Para não errar a contagem, criou-se um cordão com contas. Sim, o terço. Terço porque originalmente eram três partes de 50 ave-marias, intercaladas por pai-nossos e outras orações, para formar a totalidade — desde 2002, por instituição do então papa João Paulo 2º (1920-2005), são quatro os terços que constituem o rosário.
Por tradição, atribui-se ao frade Domingos de Gusmão (1170-1221), fundador da ordem dos dominicanos, a criação da reza do rosário. A prática se difundiu por conta dos religiosos dessa ordem, em especial de Alano da Rocha (1428-1475). A oficialização dessa forma de oração também ocorreu no pontificado de Pio 5º.
"Assim como a ave-maria, o rosário não nasceu pronto: foi fruto de um processo lento e orgânico dentro da vida da Igreja", diz padre Natal.
Por conta do rosário, até mesmo por uma questão matemática, a ave-maria se tornou mais rezada até mesmo do que o pai-nosso — que, segundo os relatos bíblicos, teria sido uma oração ensinada pelo próprio Jesus. Afinal, na prática dessa tradição de rezar com o terço na mão, são necessárias dez ave-marias para cada pai-nosso.
Os especialistas concordam que há ingredientes específicos que favoreceram a disseminação da ave-maria, transformando-a na reza, ao lado do bíblico pai-nosso, mais praticada pela devoção popular.
"Tem origem bíblica e é fácil de decorar", frisa Paiva. "E tornou-se um exercício completo de piedade. Eu diria que, depois da liturgia, é a oração mais importante da Igreja hoje."
Padre Natal destaca a "simplicidade" da fórmula que "unida a uma profundidade impressionante" pegou facilmente entre os fiéis. "É uma oração breve, fácil de guardar na memória", comenta.
Outro aspecto é que o fato de ter sido adotada por monges e se fazer presente em diversas ocasiões dentro de celebrações.

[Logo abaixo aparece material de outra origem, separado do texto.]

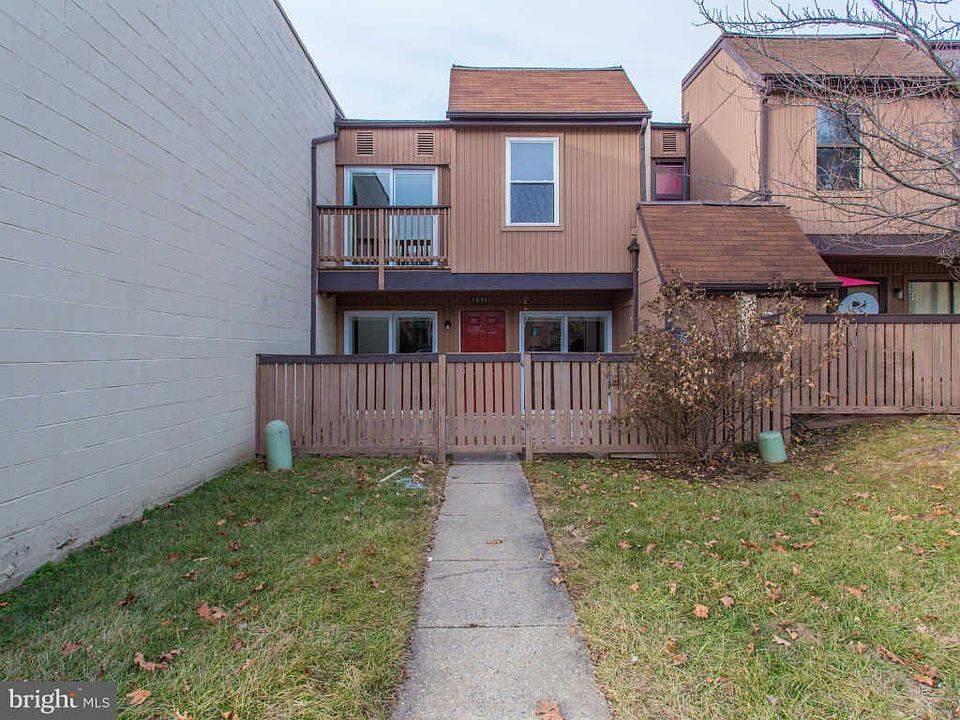 1st image of 3885 El Camino Pl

Isto acabou difundindo a fórmula. "Os monges repetiam a saudação angélica como forma de oração contínua", afirma o padre. "Essa prática se espalhou naturalmente."
"No meio monástico, enquanto os letrados liam [o saltério], os iletrados rezavam incansavelmente a ave-maria", situa Maerki.
"Como o povo não entendia latim e não conseguia rezar [os salmos], começou a se propor e a se aceitar que estes fossem substituídos por 150 ave-marias", pontua Paiva.
Por fim, ele lembra da própria instituição do rosário como forma de oração. "A partir do século 13, a ave-maria se tornou a espinha dorsal dessa devoção que rapidamente se espalhou pelo mundo cristão", frisa Natal.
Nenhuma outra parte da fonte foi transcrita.